- Supreme Court of the United States

Decided May 26, 2015
- Full case name: Wellness International Network, Ltd. v. Sharif
- Citations: 575 U.S. 665 (more)

Holding
- Bankruptcy courts may adjudicate Stern claims with the parties' knowing and voluntary consent.

Court membership
- Chief Justice John Roberts Associate Justices Antonin Scalia · Anthony Kennedy Clarence Thomas · Ruth Bader Ginsburg Stephen Breyer · Samuel Alito Sonia Sotomayor · Elena Kagan

Case opinions
- Majority: Sotomayor, joined by Kennedy, Ginsburg, Breyer, Kagan, Alito (in part)
- Concurrence: Alito (in part)
- Dissent: Roberts, joined by Scalia; Thomas (Part I only)
- Dissent: Thomas

Laws applied
- U.S. Const. art. III

= Wellness International Network, Ltd. v. Sharif =

Wellness International Network, Ltd. v. Sharif, 575 U.S. 665 (2015), was a United States Supreme Court case in which the court held that bankruptcy courts may adjudicate Stern claims with the parties' knowing and voluntary consent.

==Background==
Richard Sharif tried to discharge a debt he owed to Wellness International Network, Ltd. and its owners (collectively Wellness) in his Chapter 7 bankruptcy. Wellness sought, among other things, a declaratory judgment from the Bankruptcy Court, contending that a trust that Sharif claimed to administer was in fact Sharif's alter-ego. Wellness asserted that its assets were his personal property and part of his bankruptcy estate. The Bankruptcy Court eventually entered a default judgment against Sharif.
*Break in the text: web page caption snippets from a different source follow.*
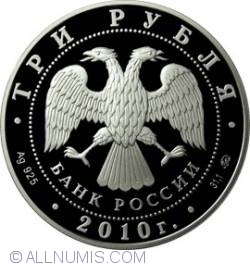 Image #1 of 3 Roubles 2010 - The 39th World Chess Olympiad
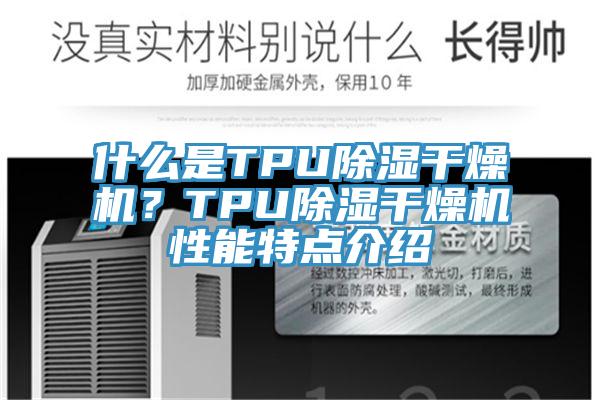 什么是TPU除濕干燥機？TPU除濕干燥機性能特點介紹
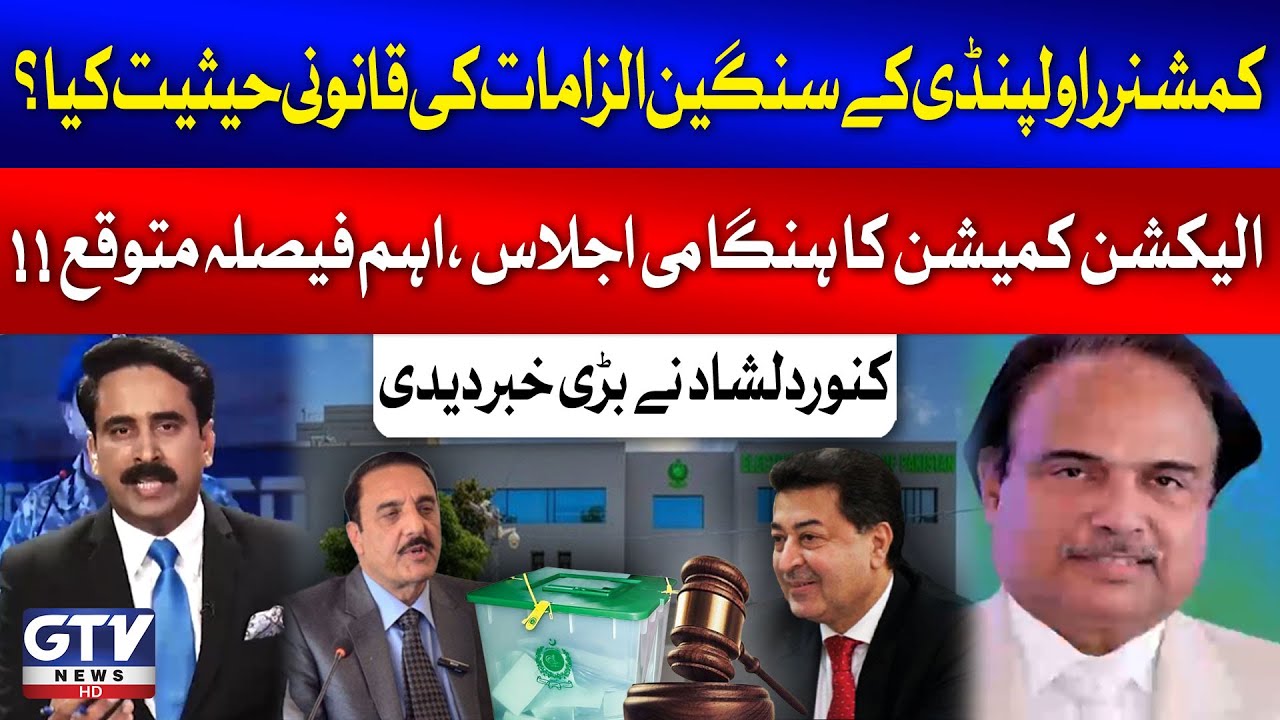 Commissioner Rawalpindi Allegations | Election Commission Take Big Action | Kanwar Dilshad Statement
While Sharif's appeal was pending in federal district court, but before briefing concluded, the Supreme Court held in Stern v. Marshall that Article III of the United States Constitution forbids bankruptcy courts to enter a final judgment on claims that seek only to "augment" the bankruptcy estate and would otherwise "exis[t] without regard to any bankruptcy proceeding." After briefing closed, Sharif sought permission to file a supplemental brief raising a Stern objection. The district court denied the motion, finding it untimely, and affirmed the Bankruptcy Court's judgment. Upon considering Sharif's appeal, the Seventh Circuit Court of Appeals determined that Sharif's Stern objection could not be waived because it implicated structural interests and reversed on the alter-ego claim, holding that the Bankruptcy Court lacked constitutional authority to enter final judgment on that claim.